AbstractThis application for a Ph.D by independent research and publication is based on research and scholarship in the area of education law and children’s rights in Northern Ireland since 1998. The research was carried out at Queen’s University, Belfast first while I was a senior lecturer in the School of Law and then, from 2003, as a Reader in Education in the School of Education. The analysis of this body of work has been categorised into four inter-related aspects of education rights: (i) the domestic education law of Northern Ireland; (ii) the implications of international human rights law for Northern Ireland’s education system; (iii) an analysis of the unique elements of Northern Ireland’s education law which are of interest in other jurisdictions; and (iv) the significance of ensuring respect for children’s rights in education, particularly in societies affected by conflict. The title of the thesis was chosen to reflect two broad strands of my work within these categories: first, research which documents the ways in which international human rights law has provided a stimulus for change within Northern Ireland’s domestic law (‘lessons for Northern Ireland’); secondly, research which highlights what is distinctive about Northern Ireland’s approach to rights in education and might therefore inform law, policy or practice elsewhere (‘lessons from Northern Ireland’). The unifying theme of the research and therefore, in a sense, the ‘thesis’ that underpins the critical analysis of the body of work presented is that, if children’s rights in 4 education are to be fully respected, protected and fulfilled, strategies based on legal enforcement are insufficient on their own. Instead, it will be argued that a more effective way of securing rights in education is to encourage those involved in children’s education to embrace the implementation of children’s rights through increased awareness of the substance of the legal provisions alongside the benefits of compliance. A key element of this is the need to ensure that children’s views are actively sought and taken seriously.

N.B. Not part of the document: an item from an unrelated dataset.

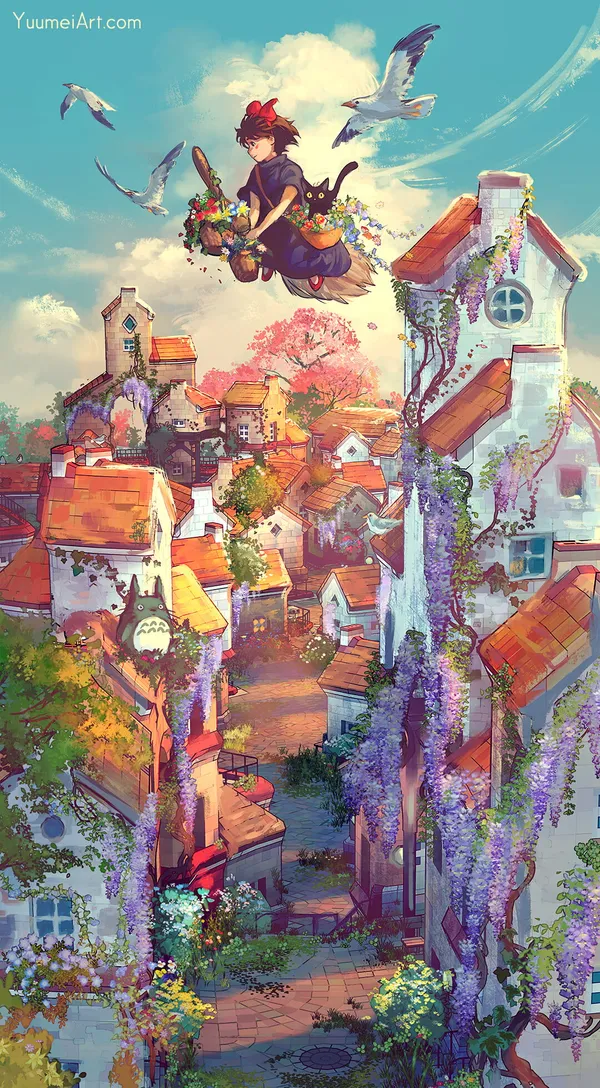Girl is flying on a broomstick over a town with a black cat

Northern Ireland's school system is an interesting arena in which to conduct research on education rights. Northern Ireland is emerging from over thirty years of violent conflict between its Protestant and Catholic communities. The Belfast Agreement, a peace agreement which provided for the establishment of power-sharing democratic institutions, was signed in 1998. Since then, the worst forms of violence (indiscriminate bombings and ‘tit for tat’ murders) have ceased, although there is still unacceptably high levels of sectarian violence both between and within certain communities, usually in areas of high social deprivation. Moreover, not only does Northern Ireland remain a deeply divided society but Northern Ireland’s school system reflects the wider schisms. Schools are almost completely religiously segregated in terms of their pupil profile: Protestant children generally attend state-owned controlled schools (managed by local education authorities) and Catholic children generally attend state-funded voluntary schools which are in the ownership and management of the Catholic Church. Approximately 5% of children attend ‘integrated’ (mixed religion) schools and a smaller number still attend Irish medium schools - schools in which instruction is provided mainly through the Irish language (a language associated mainly with the Catholic community). Moreover, with few exceptions, Boards of Governors in Northern Ireland have a significant proportion of their membership drawn from the local clergy or from those whom they have chosen to represent them. These positions are set down in legislation, affording the churches a significant statutory role in school governance (Lundy, 2000a).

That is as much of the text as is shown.